11 Replies Latest reply: Sep 9, 2010 3:54 AM by 843790 RSS

    System.in: How to read Unicode?

    843790
      Hello!

      I have written a console application in Java. But I have a problem to read special characters. It seems that System.in doesn’t support Unicode. Is there is a way to enable Unicode? I have tested my program with Netbeans and Eclipse with their integrated consoles. In both IDEs I have the same problem.

      Demo1: neither ä (German character) nor я (Russian character) work
      String text = new BufferedReader(new InputStreamReader(System.in, "UTF-8")).readLine();
      System.out.println(text);
      Demo1: ä (German character) work s, я (Russian character) does not work
      String text = new BufferedReader(new InputStreamReader(System.in)).readLine();
      System.out.println(text);
      How can I support Unicode as input?
        • 1. Re: System.in: How to read Unicode?
          843790
          Does the console support those characters at all forgetting for a moment Java?
          • 2. Re: System.in: How to read Unicode?
            843790
            Both consoles support outputting these special characters (this works with Java). When I enter special characters I see them in the console. But Java gets only questions marks instead of the special characters.

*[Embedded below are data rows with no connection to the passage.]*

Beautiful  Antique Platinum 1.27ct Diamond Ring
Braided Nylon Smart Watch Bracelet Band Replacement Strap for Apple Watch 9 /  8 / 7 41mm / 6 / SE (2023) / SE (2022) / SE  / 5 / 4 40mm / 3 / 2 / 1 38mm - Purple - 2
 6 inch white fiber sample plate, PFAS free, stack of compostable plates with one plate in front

            I think the consoles of Netbeans and Eclipse are made for Java.
            • 3. Re: System.in: How to read Unicode?
              843790
              How do you type both German umlaut-a and Russian "ia" into the same console?
              • 4. Re: System.in: How to read Unicode?
                843790
                I have two different keyboard layouts.
                • 5. Re: System.in: How to read Unicode?
                  843790
                  How much relevance do the behaviours on the IDE-supplied consoles have? Will they be the runtime environment?
                  • 6. Re: System.in: How to read Unicode?
                    843790
                    The IDE-supplied console is very important for me. I have written a vocable trainer (German - Russian) because I'm very unhappy with the official vocable trainer of Klett, which based on my schoolbook. The vocable doesn’t even support spell checking! My vocable trainer uses the vocable database of Klett and has all features that I have missed. It is just a console application, but this is enough for me. In the IDE-supplied consoles in can display all Russian letters but not input. In the console of Windows I can not even display them. I would be happy if I can use my program at least in one console. But for debugging a IDE-supplied console would be perfect.
                    • 7. Re: System.in: How to read Unicode?
                      jtahlborn
                      System.out.println uses the default character encoding configured for the java process. what is that configured to in your tests? if it is not "utf-8", that would probably explain your problems.
                      • 8. Re: System.in: How to read Unicode?
                        843790
                        Eclipse has a configuration in [Windows-> Preferences]. I think that would be applicable for the consiles it shows too. Default character encoding for Eclipse on Windows would be cp1252. Change it in the configuration there and try restarting the IDE.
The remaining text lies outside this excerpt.